12 January 2006

mo' money, mo' problems

yeah it's all epistolary today... a letter written to an old friend who asked how was i doing.

as for how i'm doing… it's a mixed bag. having money ultimately gives you more choices in life, but one's day-to-day experience of living is no better and no worse than it was when i was broke. it's just a different set of problems, arguably more complex and irritating ones. i think the idea is that when you have money, you are to pay other people to deal w/ your problems (heh, like a shrink! though i was thinking more of lawyers and those people you can hire in nyc to do anything for you). i feel like my life consists entirely of calling 1-800 numbers and filling out forms. i feel passionless -- but when i wasn't working, i was depressed from having no money. it feels like you can't win. i want to live in a thatched hut on an island and get really weird.

actually, kiona and i both share a dream of living on some acreage in costa rica or something like that. that sounds like one of those things you say when you have a desk job that you're never going to actually do.

so aside from the usual existential crisis about the worth of how i'm spending my time, i'm good. i never, ever thought i would be as good a coder as i've become. i've learned so much from this job and i'm so much more effective, precise, and thorough than i've ever been. i'm getting towards mastery. i suspect if i can survive another couple of years doing this, i will master it, and then my work will take up a lot less time and energy, and i can spend my days calling 1-800 numbers and filling out forms, instead of my nights.

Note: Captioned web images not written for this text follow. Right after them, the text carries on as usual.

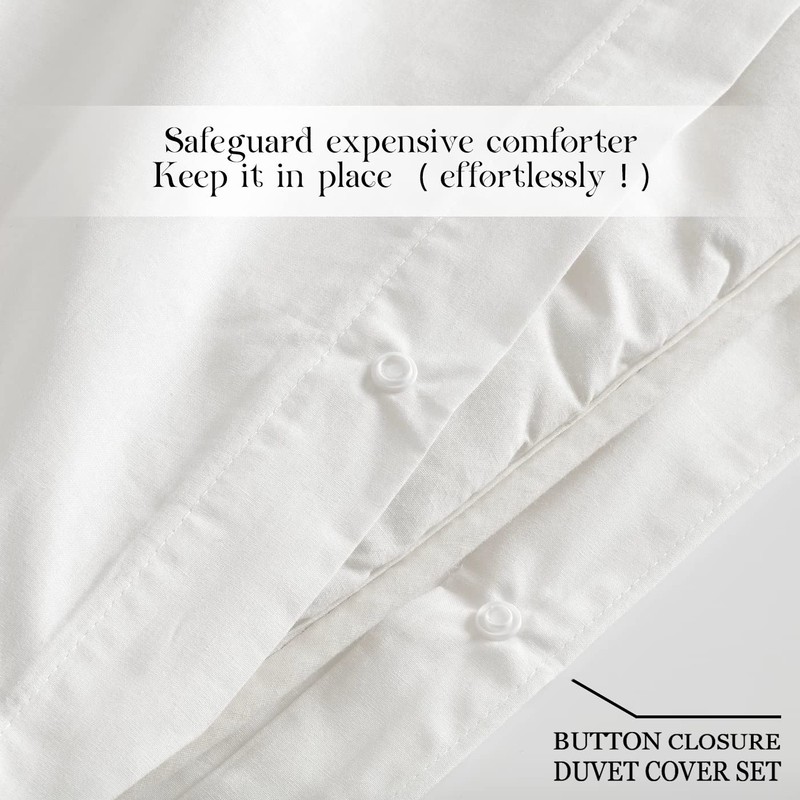 Plain Duvet Cover With Pillow Case Non Iron Percale Quilt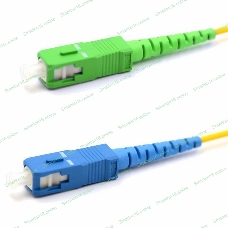 Патч-корд оптический переходной Rexant (SM), 9/125 (OS2), SC/APC-SC/UPC, (Simplex), LSZH, 10м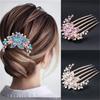 Alloy Diamond-studded Hair Comb Five-tooth Comb Hair Clip Ponytail Hair Fork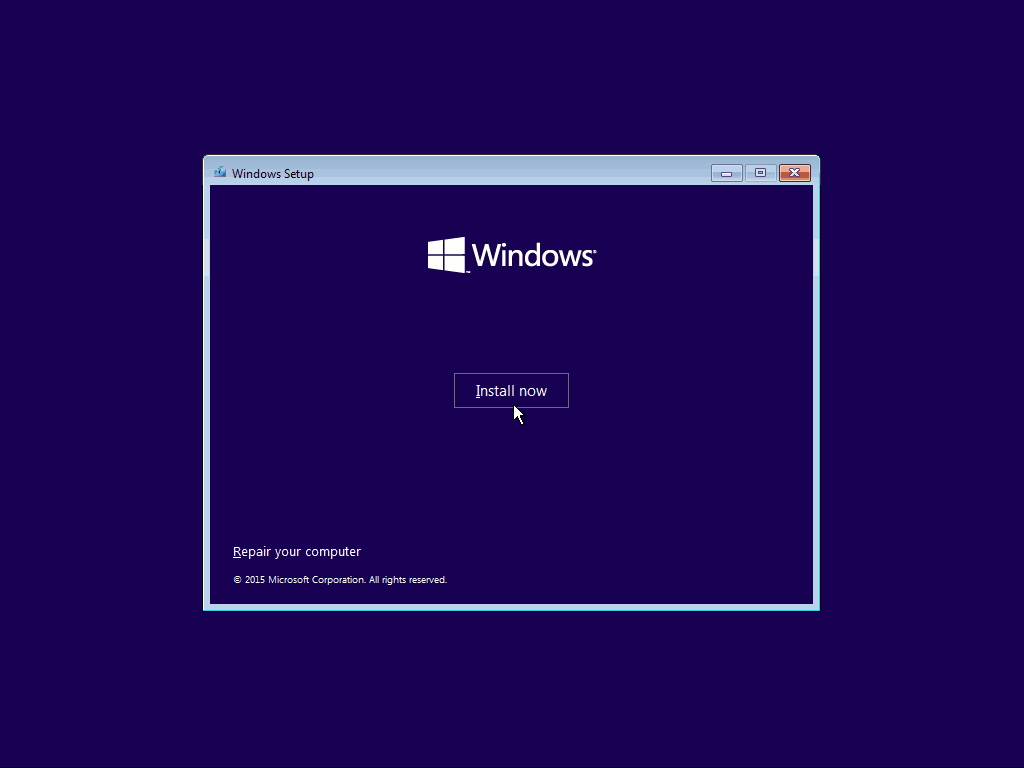 02 Instalēt tūlīt Windows 10 tīrā instalēšana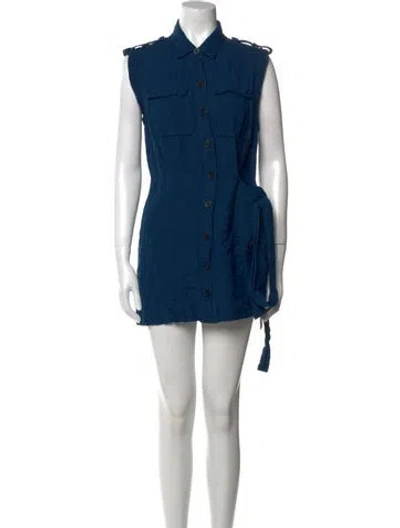 Pre-owned Derek Lam Mini Dress In Blue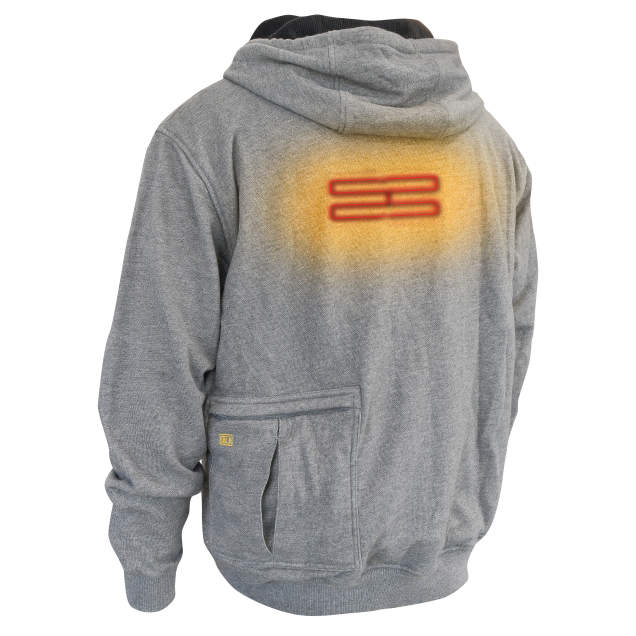 DEWALT - Men's Heated French Terry Cotton Hoodie without Battery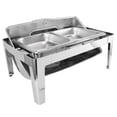 thumbnail image 1 of Buffet Réchaud 9 L Plat à Réchaud avec Couvercle en Verre, Réchaud Alimentaire en Acier Inoxydable Structure Pratique Entretien Facile pour Traiteur, 1 of 7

i just bought a new PC exclusively for the purpose of playing games. jk has been filling me in on what to play. i'm sure many doctoral thesises are being written about battlefield 2.

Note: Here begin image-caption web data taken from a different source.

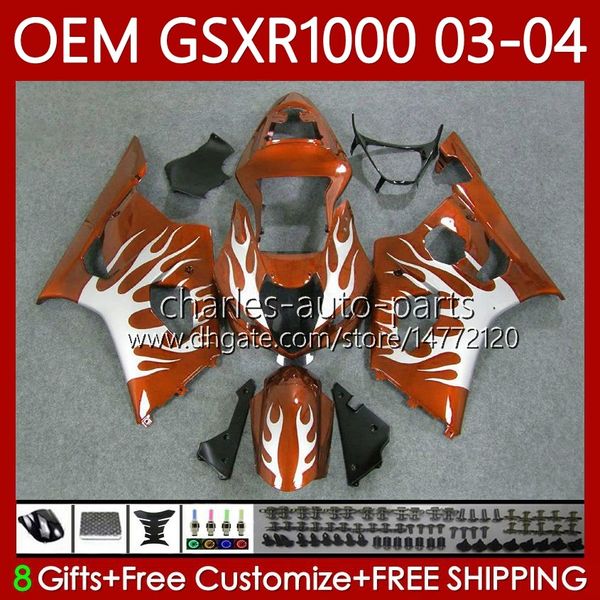 OEM-Verkleidungen, 100 % passend für Suzuki 1000CC K3 GSX-R1000 03–04, Körper 67Nr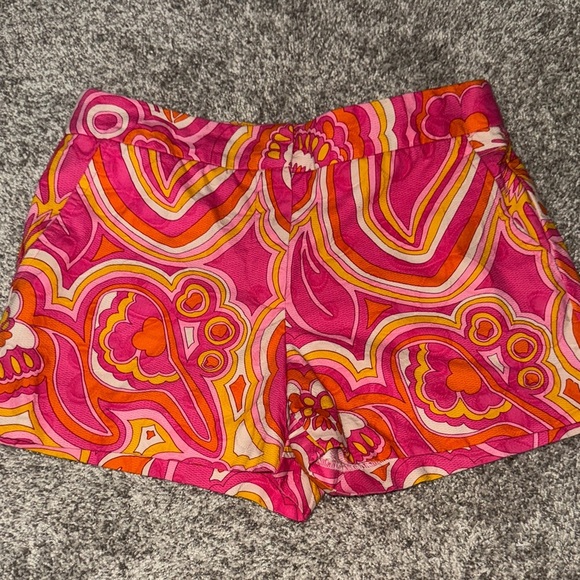 Trina Turk High Waist Pink and Orange Shorts - Picture 1 of 5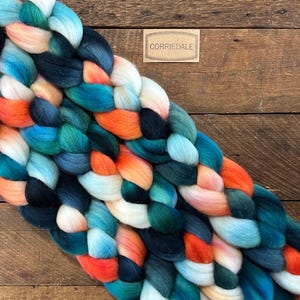 Puck Around & Find Out – Hand Dyed Yarn and Combed Top | US Grown Wool | Spinning Fiber | 4 oz Braid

i suppose given that the majority of my blood has russian roots, i should give up on being a shiny happy person and just continue to polish my cynical jokes. i'm doing this mentoring program where i work with 9th graders in seattle's worst high schools. it's one of the hardest, most demanding things i've ever done. but it's been interesting -- not so much the kids, i kind of knew what to expect there -- but the other mentors. i do sometimes think david lynch has it right, we need to just get 8,000 people going om around the world more regularly. the lack of experience i see in the other mentors with the nature of being human is shocking, and it's nice to see people put themselves in a context, like mentoring high school kids, that forces them to stare more deeply into the abyss.




she writes back:

mo' money, mo' problems, eh?

there are more than 8000 people OMing right now, so it takes a few more than that, so join them often. I do it a half hour each day but need to up the ante during these troubled times. and plenty of desk jockeys do bugger off to costa rica or the blackberry farm or the himalayas -- only rich people can afford to be poor in the old ways -- so if that's what you want put your energy toward it... anyway I want the acreage too and so do most people in their right minds, so don't just "share the dream" but make the plan.